* [WHAT TO DO]:
Please write out the entire listing below exactly, excluding its pictures.

(SOURCE DATA begins)

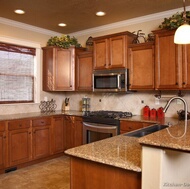 Traditional Medium Wood-Golden Kitchen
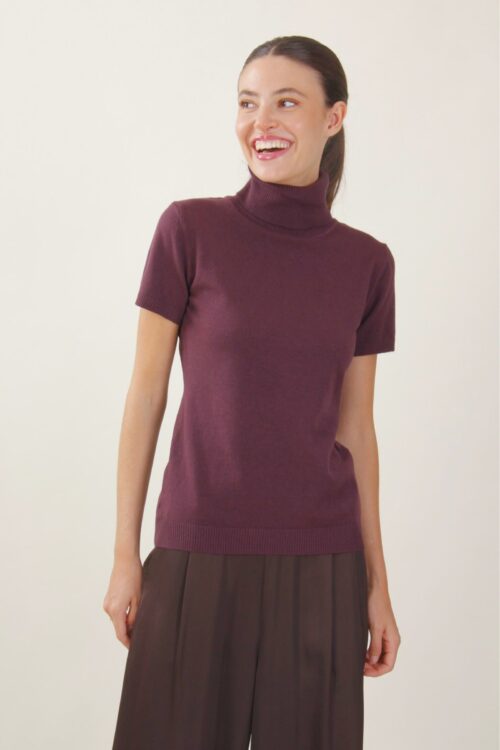 MAGLIA COLLO ALTO A MEZZE MANICHE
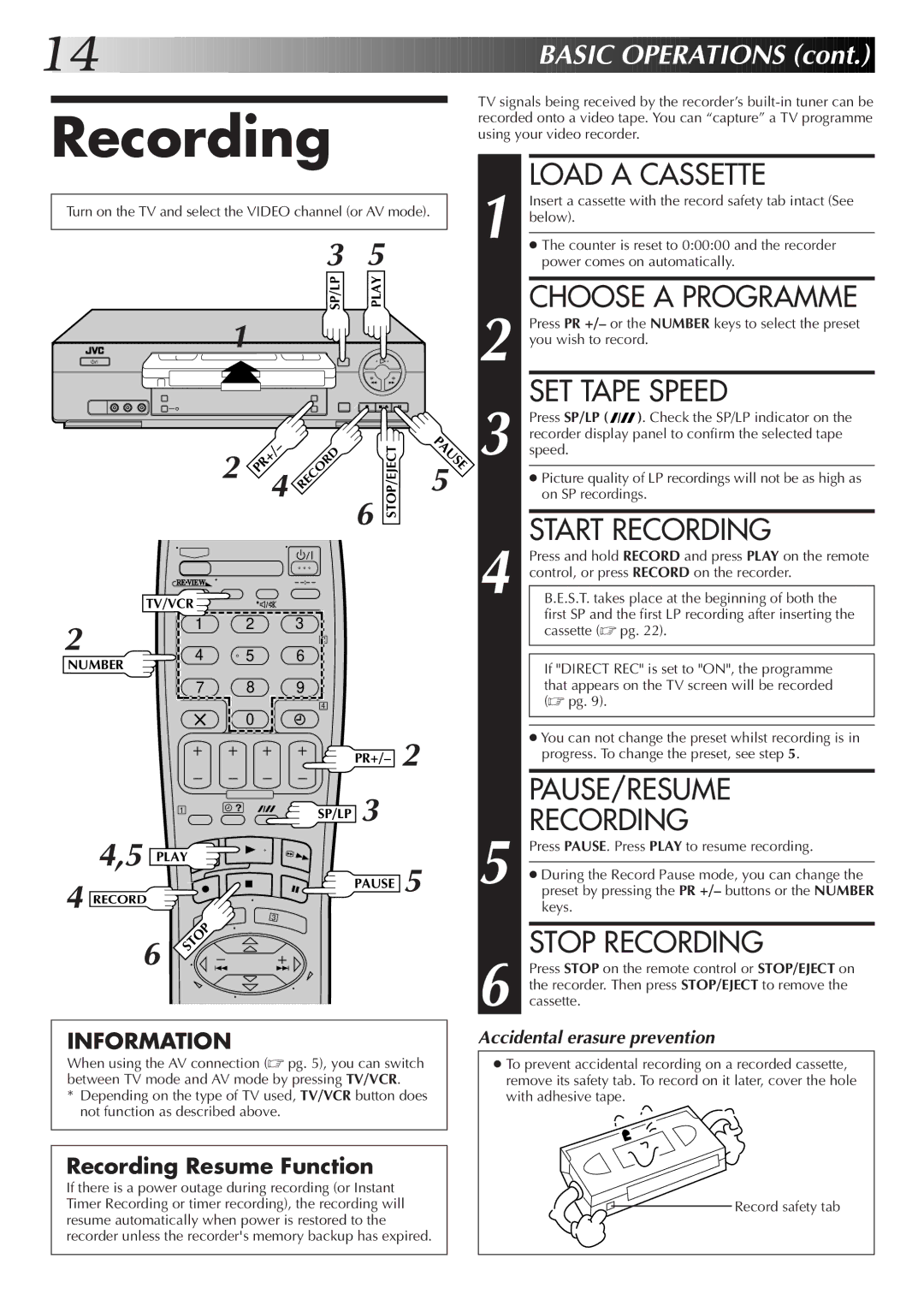 JVC HR-J470EK, HR-J670EK, HR-J672EK, HR-J270EK setup guide Recording 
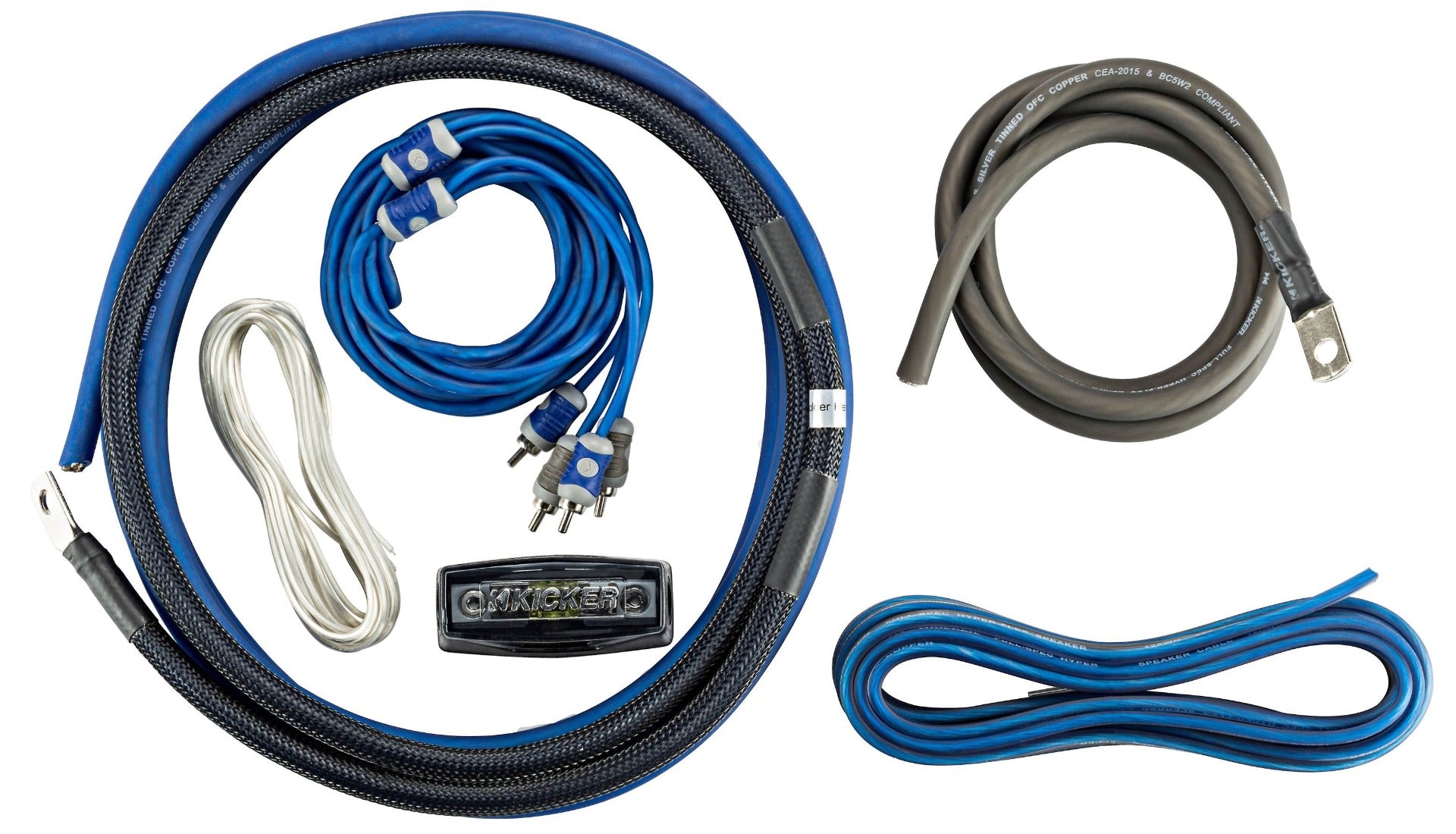 Kicker CK4 46CK4 K-Series 4AWG Amp Kit with 2-Channel Interconnects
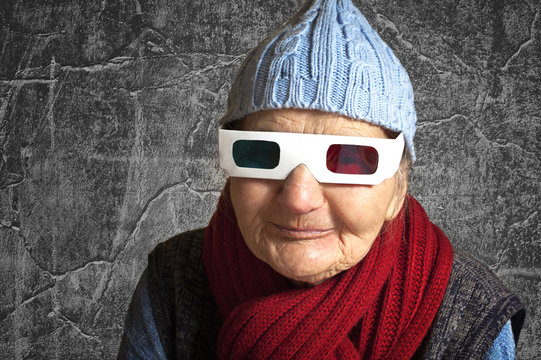 Elderly Woman With Anaglyph 3D Glasses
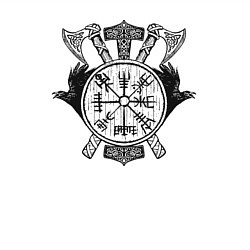 Свитшот хлопковый мужской Боевые вороны и топоры с символом вегвизир на щите, цвет: белый — фото 2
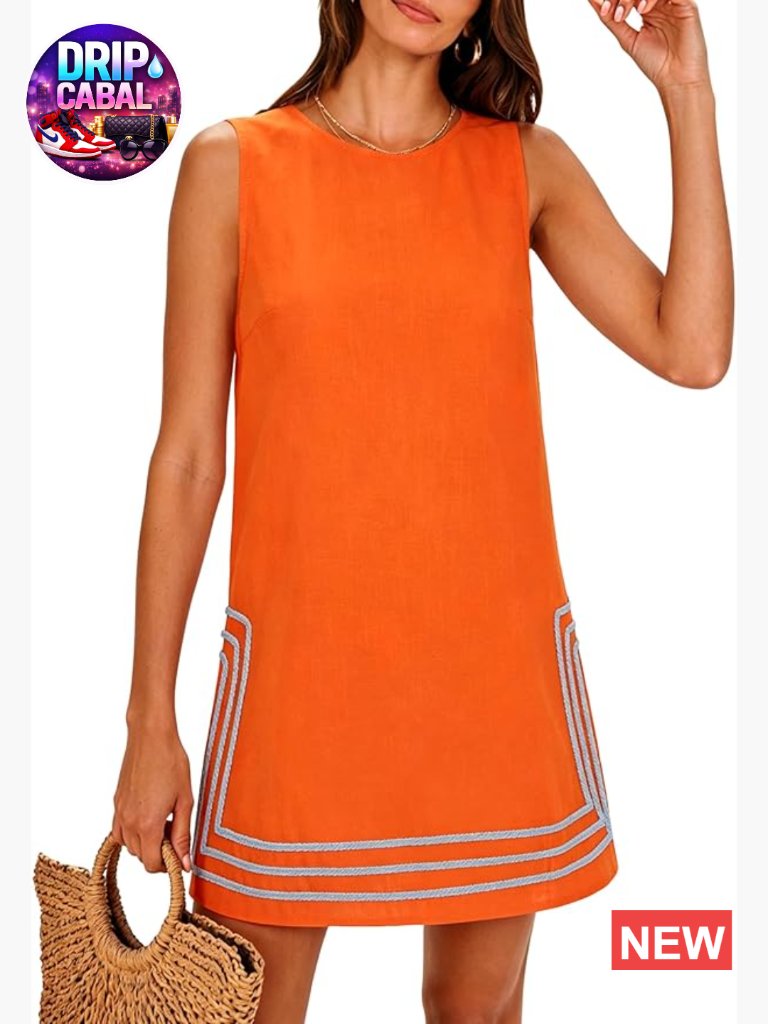 Color Block Boho A-Line Mini Dress Sleeveless Crewneck Sundress Beach Vacation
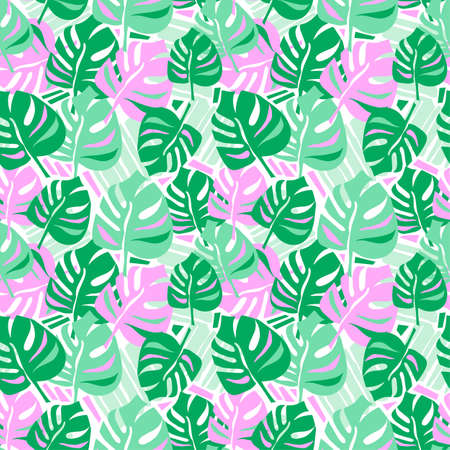 Seamless summer tropical leaves pattern,textile doodle grunge texture.Trendy modern ink artistic design,funky print.Modern fashion background.Expressive ornament for textile,wrapping,apparelのイラスト素材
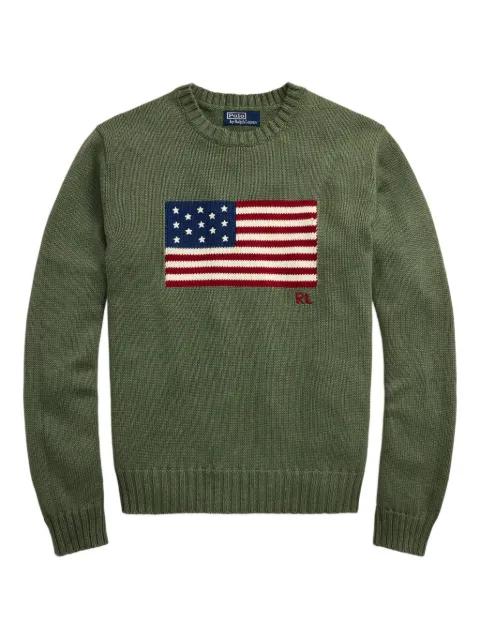 flag-embroidered crewneck sweater by POLO RALPH LAUREN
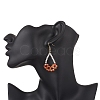 Natural Carnelian Arch Dangle Earrings EJEW-TA00742-01-3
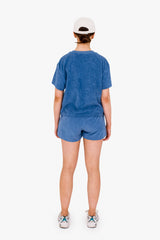 Women's Terry Towel Shorts – Organic Cotton Comfort - Riviera Blue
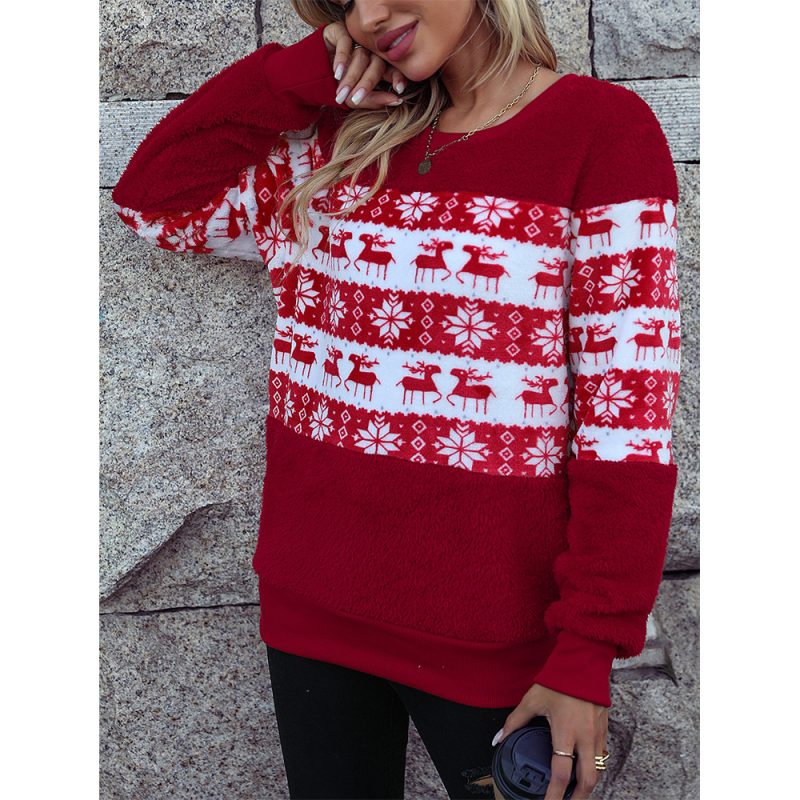 Round Neck Loose Christmas Plush Sweatshirt - Image 3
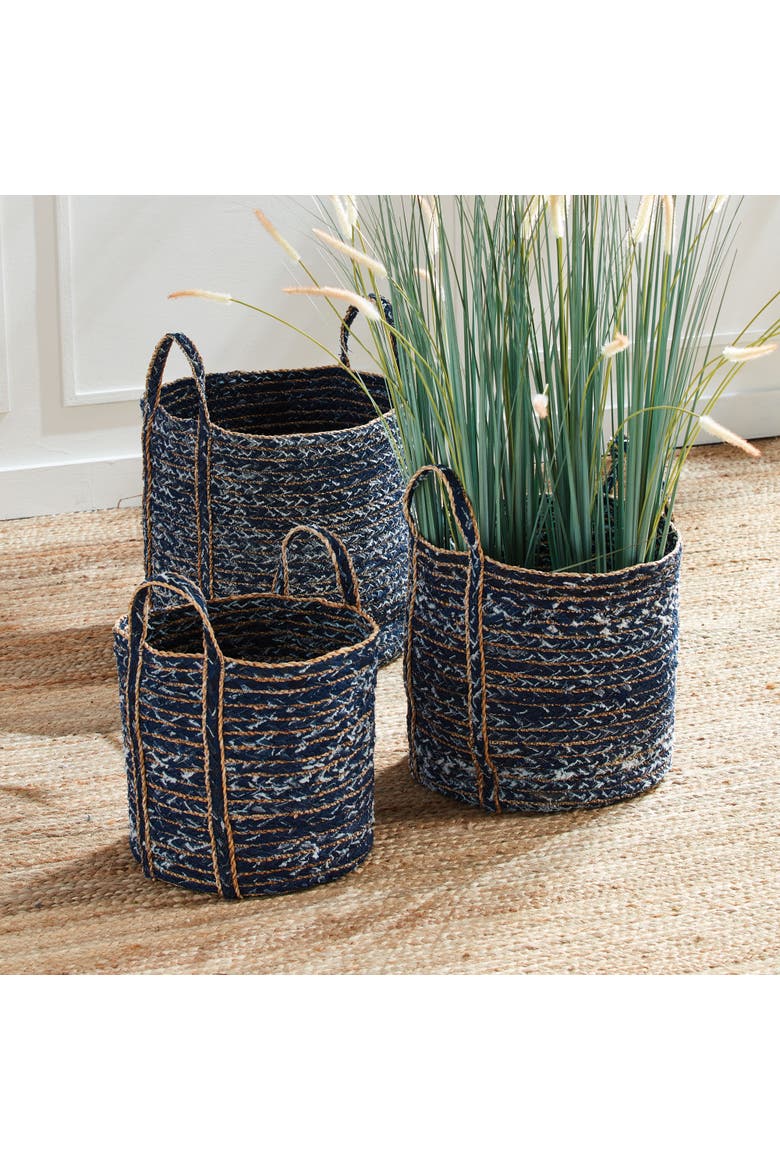 Denim Round Baskets Set of 3, Alternate, color, Blue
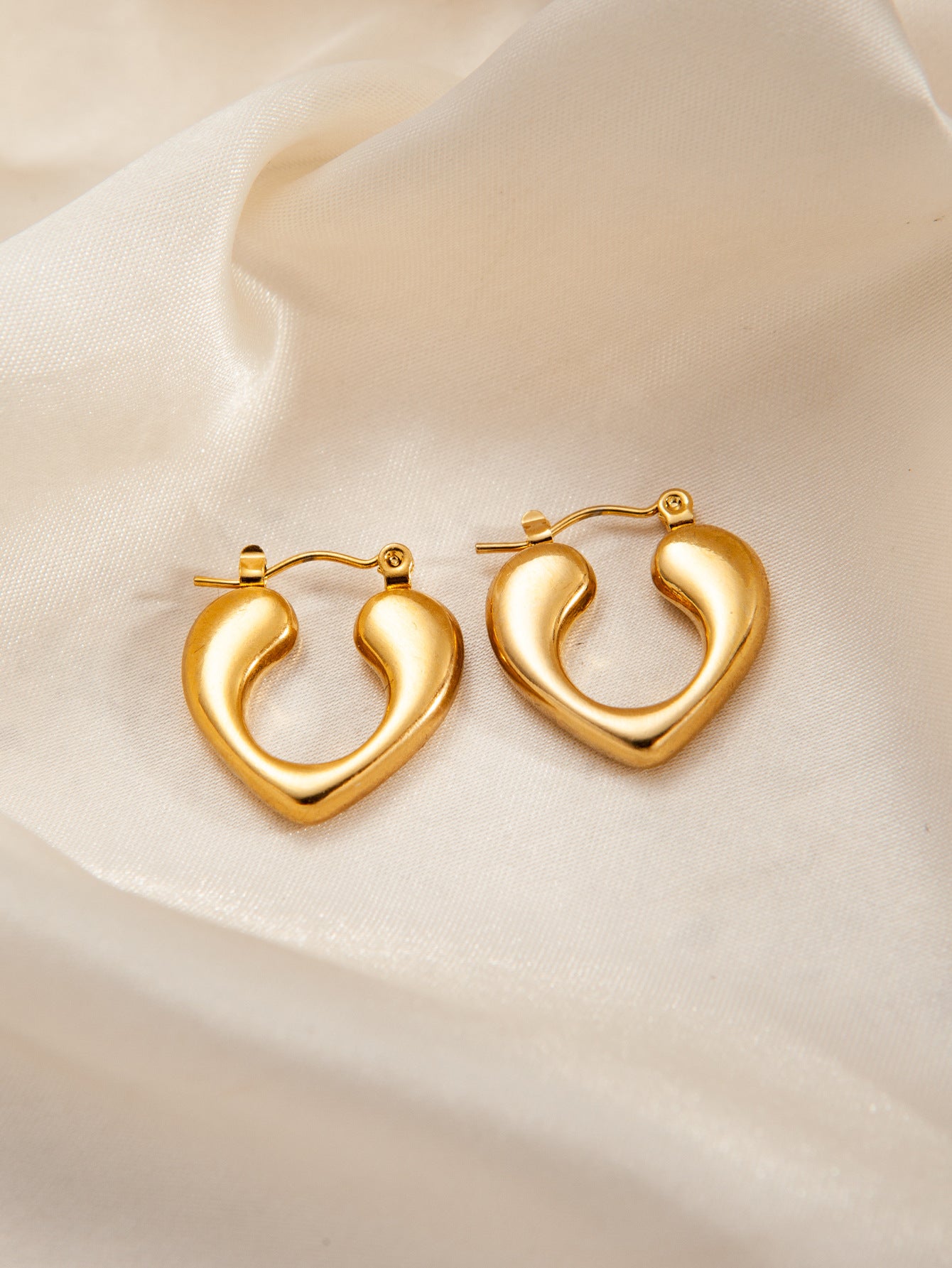 Stainless Steel Ginkgo Leaf Petals Golden Earrings
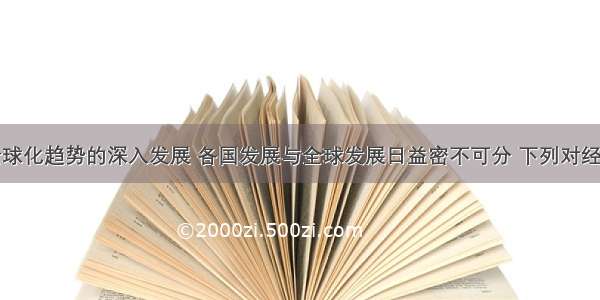 随着经济全球化趋势的深入发展 各国发展与全球发展日益密不可分 下列对经济全球化的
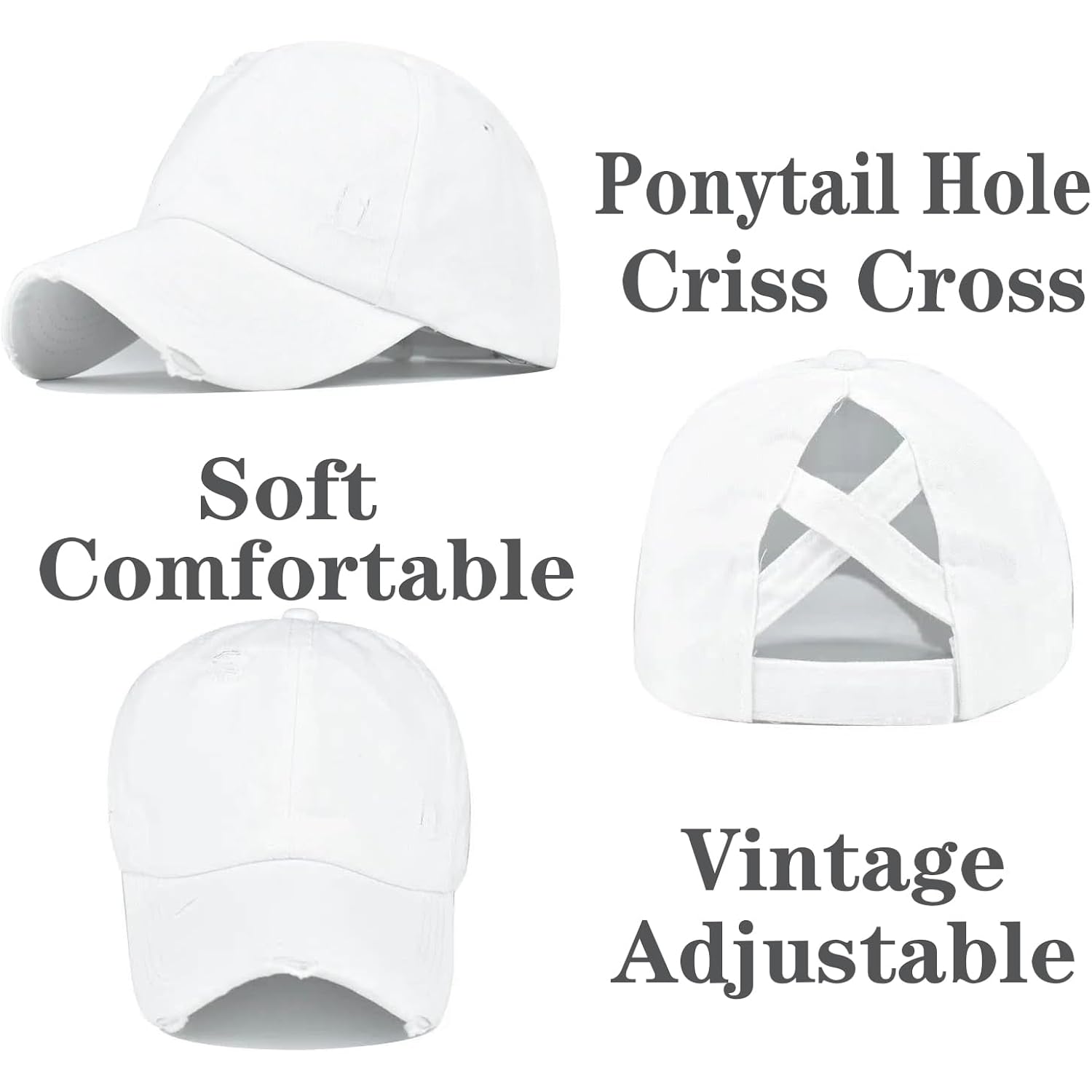 2 Packs Womens Ponytail Criss Cross Hat Baseball Cap Distressed Ponytail Hat High Messy Bun Trucker Ponycap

(SOURCE DATA ends)

* [TASK SOLUTION]:
 Traditional Medium Wood-Golden Kitchen
 MAGLIA COLLO ALTO A MEZZE MANICHE
 JVC HR-J470EK, HR-J670EK, HR-J672EK, HR-J270EK setup guide Recording 
 Kicker CK4 46CK4 K-Series 4AWG Amp Kit with 2-Channel Interconnects
 Elderly Woman With Anaglyph 3D Glasses
 Свитшот хлопковый мужской Боевые вороны и топоры с символом вегвизир на щите, цвет: белый — фото 2
 Color Block Boho A-Line Mini Dress Sleeveless Crewneck Sundress Beach Vacation
 Seamless summer tropical leaves pattern,textile doodle grunge texture.Trendy modern ink artistic design,funky print.Modern fashion background.Expressive ornament for textile,wrapping,apparelのイラスト素材
 flag-embroidered crewneck sweater by POLO RALPH LAUREN
 Natural Carnelian Arch Dangle Earrings EJEW-TA00742-01-3
 Women's Terry Towel Shorts – Organic Cotton Comfort - Riviera Blue
 Round Neck Loose Christmas Plush Sweatshirt - Image 3
 Denim Round Baskets Set of 3, Alternate, color, Blue
 Stainless Steel Ginkgo Leaf Petals Golden Earrings
 随着经济全球化趋势的深入发展 各国发展与全球发展日益密不可分 下列对经济全球化的
 2 Packs Womens Ponytail Criss Cross Hat Baseball Cap Distressed Ponytail Hat High Messy Bun Trucker Ponycap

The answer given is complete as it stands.